(RTTNews) – Ahead of the long break for the Lunar New Year, the Hong Kong stock market had moved lower in two straight sessions, tumbling more than 750 points or 3 percent along the way. The Hang Seng Index now sits just above the 23,550-point plateau and it’s expected to open in the green on Friday.
The global forecast for the Asian markets is soft with profit taking expected, especially among technology stocks. The European and U.S. markets were down and the Asian markets figure to open in similar fashion, although Hong Kong may open higher as it catches up on missed positive sentiment.

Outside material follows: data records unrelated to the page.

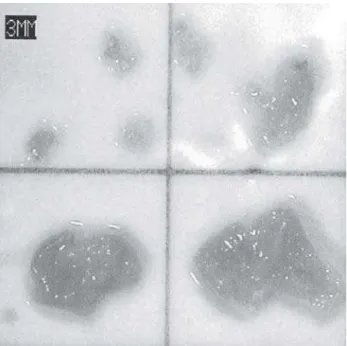Fig. 2 - Material embólico capturado no filtro intra-aórtico do paciente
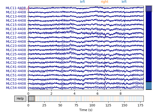 Brainstorm raw (median nerve) dataset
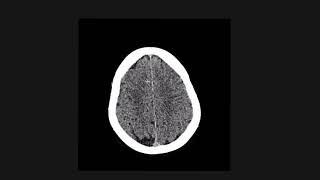 How to figure out nontraumatic causes of intracranial bleeding [upl. by Angell]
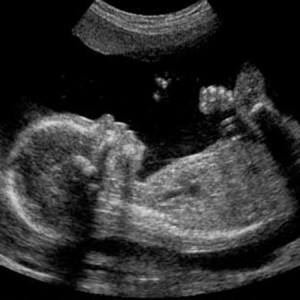 2D ultrasound Calgary showing baby’s heartbeat on monitor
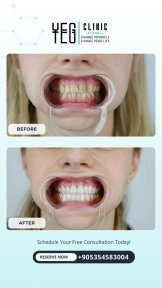 before-after photo tooth-extraction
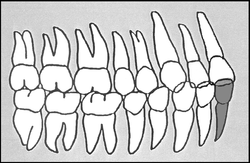 Zahn-Körper-Beziehungen Zahn 41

The Hang Seng finished sharply lower on Friday following losses from the financials, properties, casinos and technology stocks.
For the day, the index tumbled 256.92 points or 1.08 percent to finish at 23,550.08 after trading between 23,507.03 and 23,848.02.
Among the actives, AAC Technologies advanced 0.85 percent, while AIA Group plummeted 4.04 percent, Alibaba Group jumped 1.38 percent, Alibaba Health Info and China Life Insurance both slumped 1.17 percent, ANTA Sports skidded 1.53 percent, China Mengniu Dairy weakened 1.18 percent, China Resources Land dropped 0.68 percent, CITIC declined 1.82 percent, CNOOC and CLP both added 0.32 percent, Country Garden climbed 0.98 percent, CSPC Pharmaceutical rose 0.22 percent, Galaxy Entertainment fell 0.54 percent, Henderson Land retreated 1.73 percent, Hong Kong & China Gas lost 0.66 percent, Industrial and Commercial Bank of China sank 0.85 percent, JD.com surrendered 3.20 percent, Li Ning gained 0.27 percent, Longfor was up 0.11 percent, Meituan shed 0.67 percent, New World Development slid 0.47 percent, Techtronic Industries tanked 3.73 percent, Xiaomi Corporation stumbled 1.33 percent, WuXi Biologics plunged 3.76 percent and China Petroleum and Chemical (Sinopec) and Hang Lung Properties were unchanged.
The lead from Wall Street is broadly negative as the major averages opened sharply lower on Thursday and stayed that way throughout the session, ending a four-day winning streak.
The Dow plunged 518.17 points or 1.45 percent to finish at 35,111.16, while the NASDAQ plummeted 538.73 points or 3.74 percent to end at 13,878.82 and the S&P tumbled 111.94 points or 2.44 percent to close at 4,477.44.
A steep drop by Meta (FB) weighed on the tech sector, with the Facebook parent plunging nearly 27 percent, and hitting its lowest intraday level in well over a year after reporting weaker than expected Q4 earnings and disappointing revenue guidance for the current quarter.
Several other social media stocks, including Snap and Twitter, tumbled as well. Weak earnings updates from other companies like Honeywell (down more than 7 percent) and Spotify (down nearly 17 percent) also weighed on sentiment.
In economic news, the Labor Department noted a modest decrease by first-time claims for U.S. unemployment benefits last week. Also, the Institute for Supply Management noted a continued slowdown in the pace of growth in U.S. service sector activity in January.
Crude oil prices surged on Thursday as concerns about possible supply disruptions outweighed OPEC’s decision to increase crude output in March. Geopolitical concerns in Eastern Europe and the Middle East have raised concerns about supplies. West Texas Intermediate Crude oil futures for March ended higher by $2.01 or 2.3 percent at a seven-year high $90.27 a barrel.